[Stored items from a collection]
--- --- ---

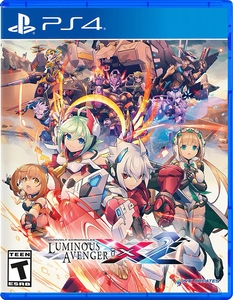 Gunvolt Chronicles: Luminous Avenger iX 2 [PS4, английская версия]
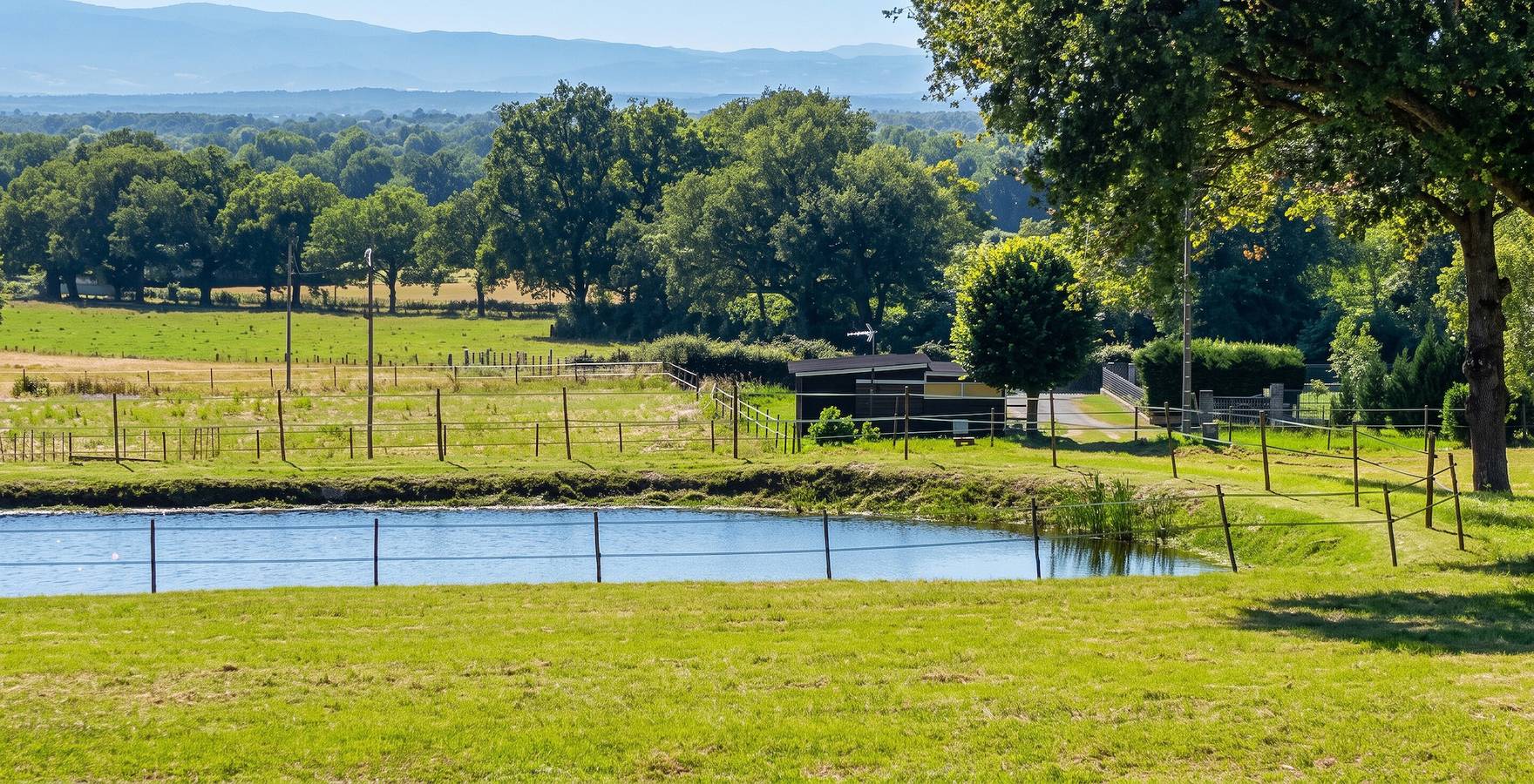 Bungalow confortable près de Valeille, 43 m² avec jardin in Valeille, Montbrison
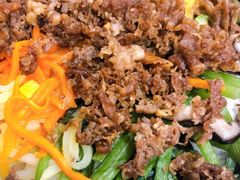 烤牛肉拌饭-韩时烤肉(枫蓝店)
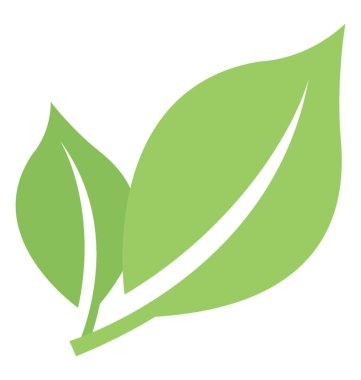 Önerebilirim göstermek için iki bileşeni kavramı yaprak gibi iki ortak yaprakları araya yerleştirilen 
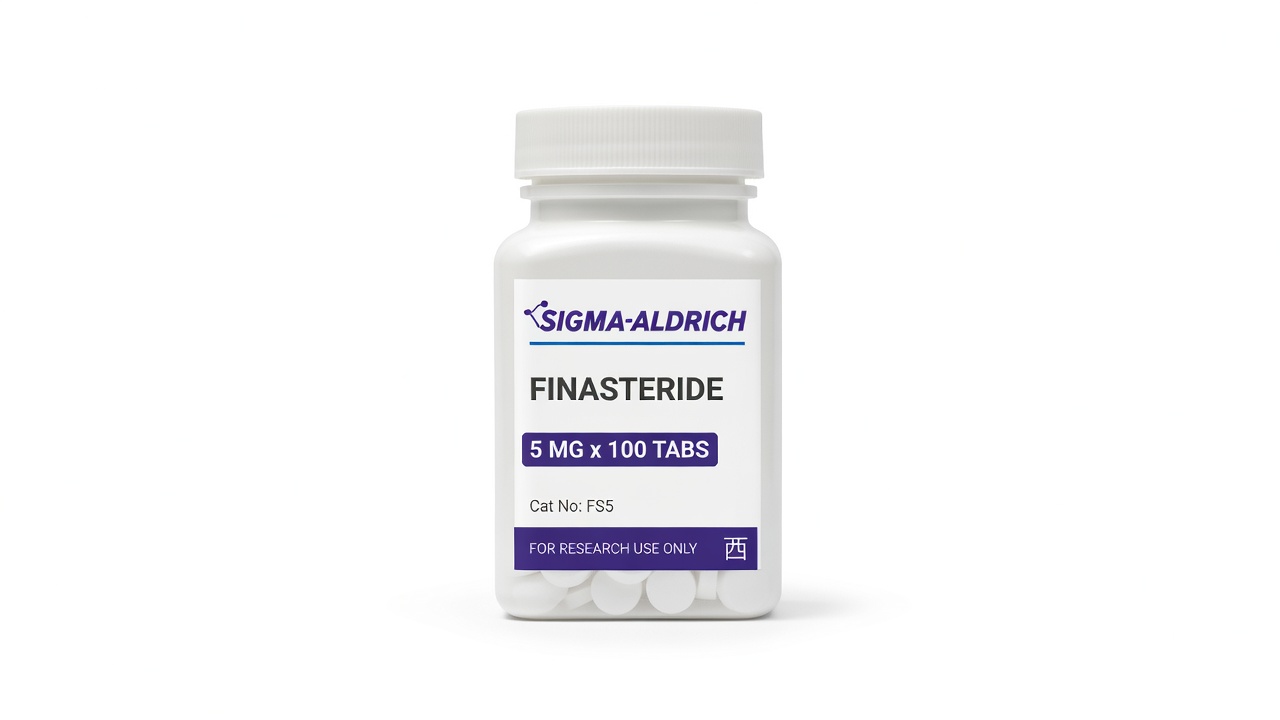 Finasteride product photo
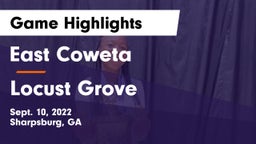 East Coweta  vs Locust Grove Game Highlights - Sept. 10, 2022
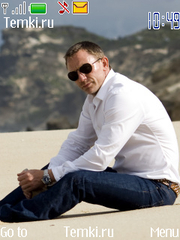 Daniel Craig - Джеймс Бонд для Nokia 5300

--- --- ---

Once the pictures are set aside, write out the entries verbatim.

• [WRITTEN RESPONSE]
 Gunvolt Chronicles: Luminous Avenger iX 2 [PS4, английская версия]
 Bungalow confortable près de Valeille, 43 m² avec jardin in Valeille, Montbrison
 烤牛肉拌饭-韩时烤肉(枫蓝店)
 Önerebilirim göstermek için iki bileşeni kavramı yaprak gibi iki ortak yaprakları araya yerleştirilen 
 Finasteride product photo
 East Coweta  vs Locust Grove Game Highlights - Sept. 10, 2022
 Daniel Craig - Джеймс Бонд для Nokia 5300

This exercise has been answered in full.